Stored data ->
--- START ---
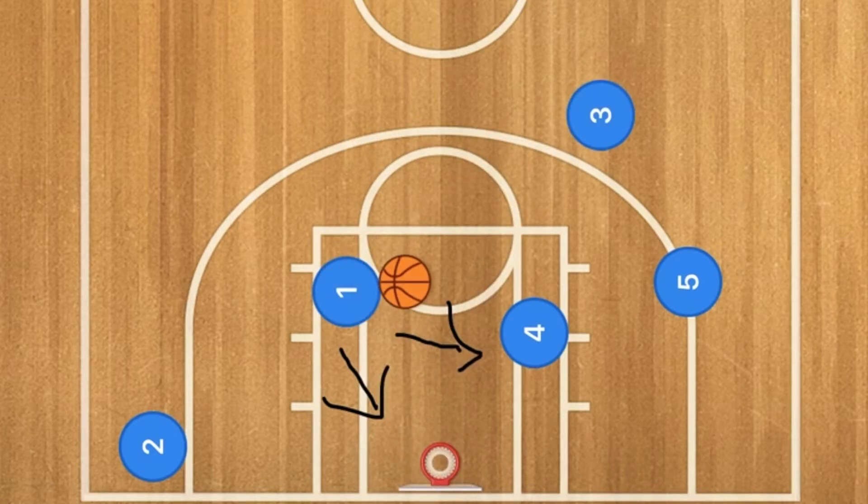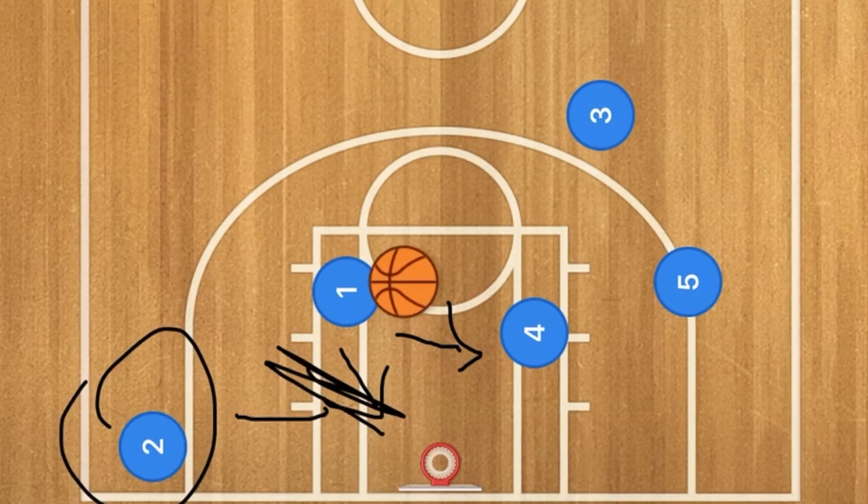Or if player two's defender comes in and plays help defense and cuts off player one, he could pass off to player two for the three-point shot as well.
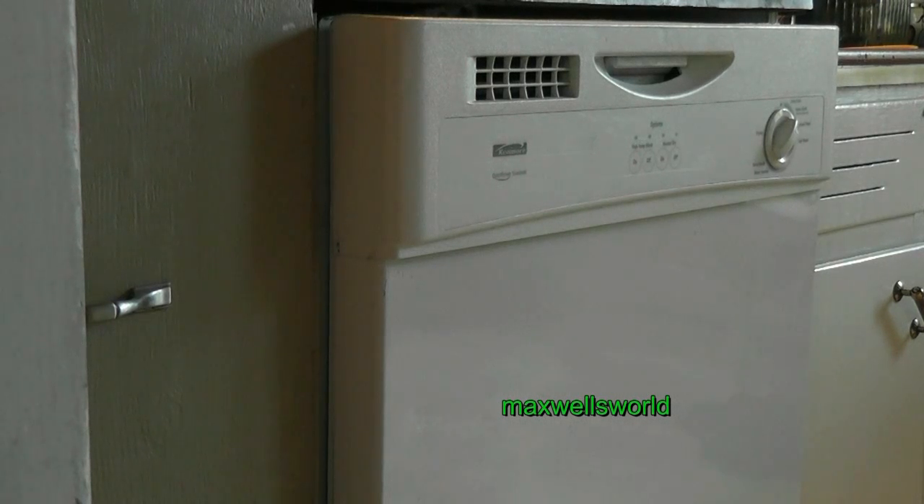You have made yourself a really, really nice family dinner — very enjoyed by all. Now it's time to do the cleanup. So of course, you load your faithful dishwasher full of dishes and other items to be washed, to be cleaned.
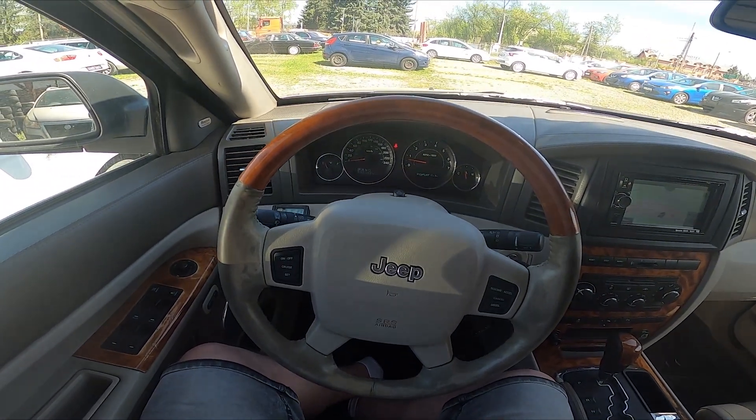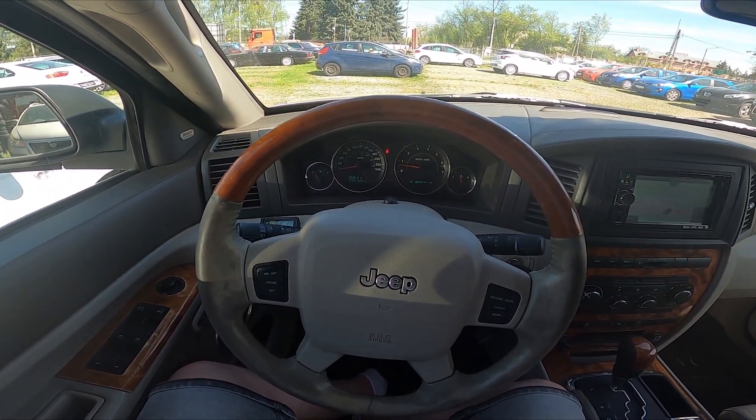Hello, today I'm in Jeep Grand Cherokee. In this video I'll show you how to change units.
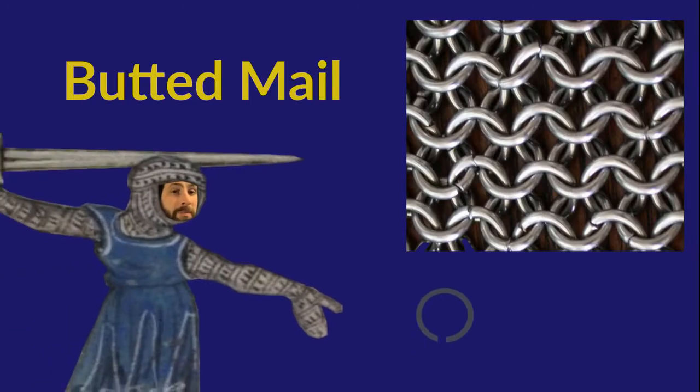Butted mail is made by interlinking the rings and then simply squeezing them closed again. It's not particularly strong, but it is very quick and simple to make and doesn't involve much effort at all.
--- END ---
Please restate, word for word, the lines from the one with "Hello, today I'm" through the final line of the material, both included, and omit the pictures.

Hello, today I'm in Jeep Grand Cherokee. In this video I'll show you how to change units.
Butted mail is made by interlinking the rings and then simply squeezing them closed again. It's not particularly strong, but it is very quick and simple to make and doesn't involve much effort at all.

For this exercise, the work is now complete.